◆ **Task goal**
After finding the line containing "1ct Oval Diamond Iskra Ring in Yellow Gold" below, please output that line and each following one through the line containing "Zaryadno ustroystvo 12V", exactly as written.

◆ **Data for review**
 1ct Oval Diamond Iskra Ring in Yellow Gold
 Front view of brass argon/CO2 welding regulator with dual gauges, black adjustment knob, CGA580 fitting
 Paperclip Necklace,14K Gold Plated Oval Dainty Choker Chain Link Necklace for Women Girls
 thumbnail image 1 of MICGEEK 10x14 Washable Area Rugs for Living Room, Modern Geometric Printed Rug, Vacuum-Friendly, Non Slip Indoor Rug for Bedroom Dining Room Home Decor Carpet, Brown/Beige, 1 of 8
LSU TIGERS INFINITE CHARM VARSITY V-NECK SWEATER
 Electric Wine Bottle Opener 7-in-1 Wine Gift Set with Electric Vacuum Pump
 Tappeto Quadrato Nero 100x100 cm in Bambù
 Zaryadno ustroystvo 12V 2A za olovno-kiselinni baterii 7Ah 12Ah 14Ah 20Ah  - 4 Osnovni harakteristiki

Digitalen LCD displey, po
--
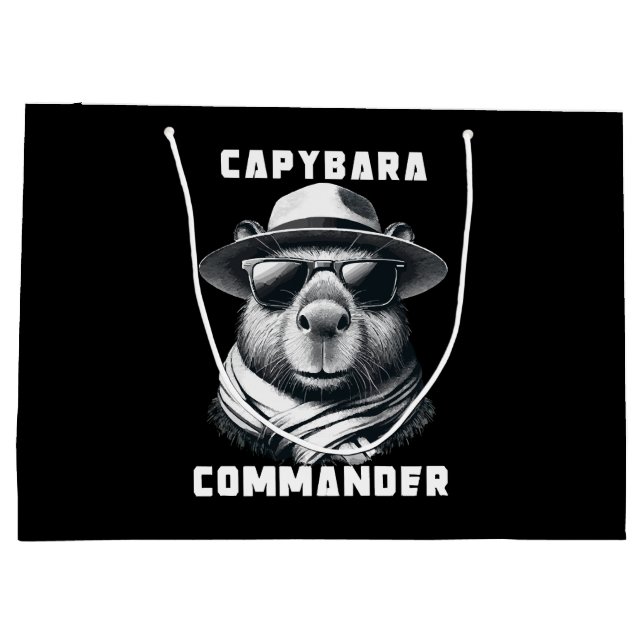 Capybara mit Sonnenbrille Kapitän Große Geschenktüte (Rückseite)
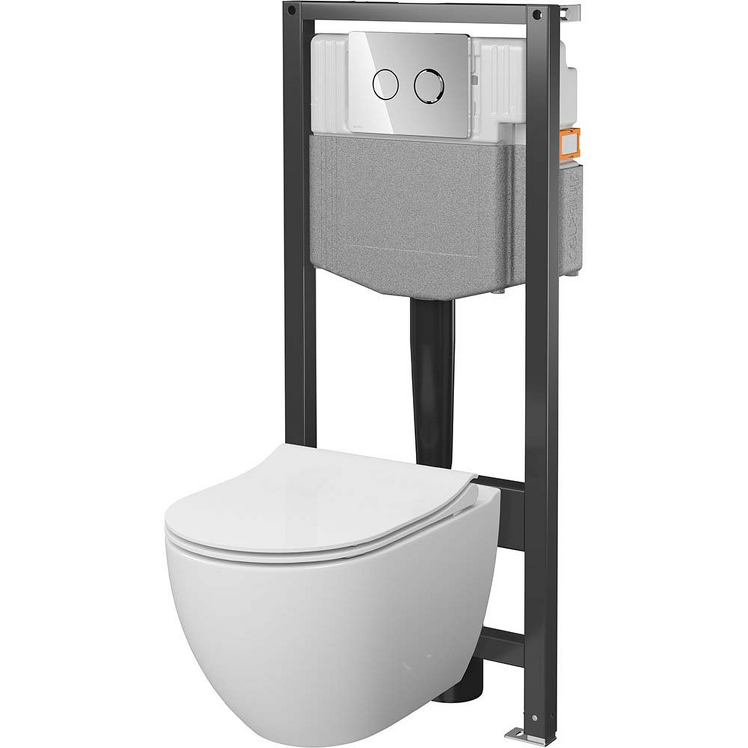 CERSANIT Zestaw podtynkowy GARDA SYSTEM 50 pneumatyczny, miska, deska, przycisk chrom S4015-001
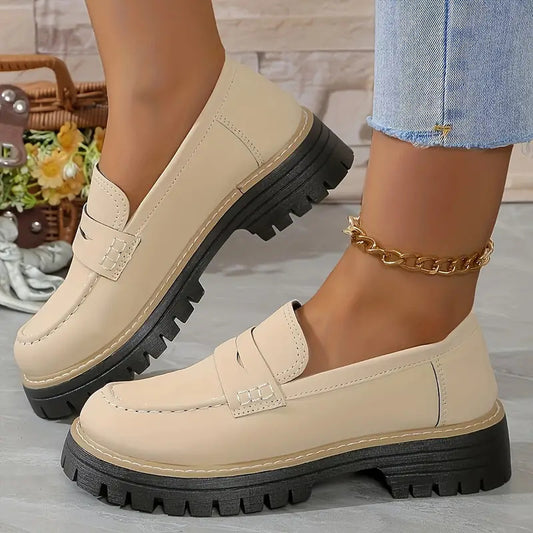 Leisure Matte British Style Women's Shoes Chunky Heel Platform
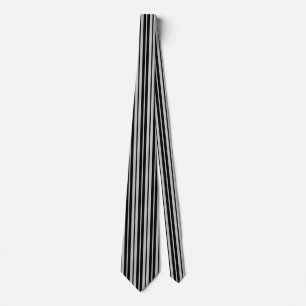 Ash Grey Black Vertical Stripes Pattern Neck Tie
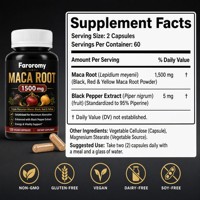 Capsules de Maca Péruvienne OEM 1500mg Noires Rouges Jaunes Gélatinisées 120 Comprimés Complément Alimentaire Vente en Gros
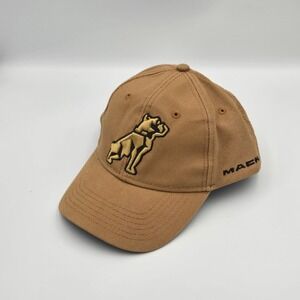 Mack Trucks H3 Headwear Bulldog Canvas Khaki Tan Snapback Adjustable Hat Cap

◆ **Answer**
 1ct Oval Diamond Iskra Ring in Yellow Gold
 Front view of brass argon/CO2 welding regulator with dual gauges, black adjustment knob, CGA580 fitting
 Paperclip Necklace,14K Gold Plated Oval Dainty Choker Chain Link Necklace for Women Girls
 thumbnail image 1 of MICGEEK 10x14 Washable Area Rugs for Living Room, Modern Geometric Printed Rug, Vacuum-Friendly, Non Slip Indoor Rug for Bedroom Dining Room Home Decor Carpet, Brown/Beige, 1 of 8
LSU TIGERS INFINITE CHARM VARSITY V-NECK SWEATER
 Electric Wine Bottle Opener 7-in-1 Wine Gift Set with Electric Vacuum Pump
 Tappeto Quadrato Nero 100x100 cm in Bambù
 Zaryadno ustroystvo 12V 2A za olovno-kiselinni baterii 7Ah 12Ah 14Ah 20Ah  - 4 Osnovni harakteristiki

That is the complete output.